Here’s What the Man Who Interrogated Saddam Hussein Says Now
Ten years after the execution of Saddam Hussein, the former dictator of Iraq, John Nixon, the CIA agent who first interrogated the tyrant immediately after his capture by U.S. forces, has written about the eye-opening experience.
If President Barack Obama was unaware of the agent’s story before he announced his plans for Iraq after winning the 2008 election, he very likely had access to it before implementing that plan. That is a disturbing point to consider after seeing the rise of ISIS and its impact on the American people in the years that have followed.
Nixon wrote, in part:
Saddam had actually believed 9/11 would bring Iraq and America closer because Washington would need his secular government to help fight fundamentalism. How woefully wrong he had been.
During our talks, we often heard muffled explosions. Saddam inferred things were not going well for the U.S. forces and took pleasure in the fact. “You are going to fail,” he said. “You are going to find that it is not so easy to govern Iraq.” History has proved him right. But back then, I was curious why he felt that way.

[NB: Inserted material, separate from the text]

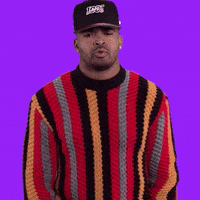 Oh No Football GIF by NFL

“Because you do not know the language, the history and the Arab mind,” he said. ‘It’s hard to know the Iraqi people without knowing its weather and its history. The difference is between night and day and winter and summer. That’s why they say the Iraqis are hard-headed—because of the summer heat.”
He chuckled and added: “Next summer, when it is hot, they might revolt against you. The summer of 1958 got a little hot. In the 1960s, when it was hot, we had a revolution. You might tell that to President Bush!”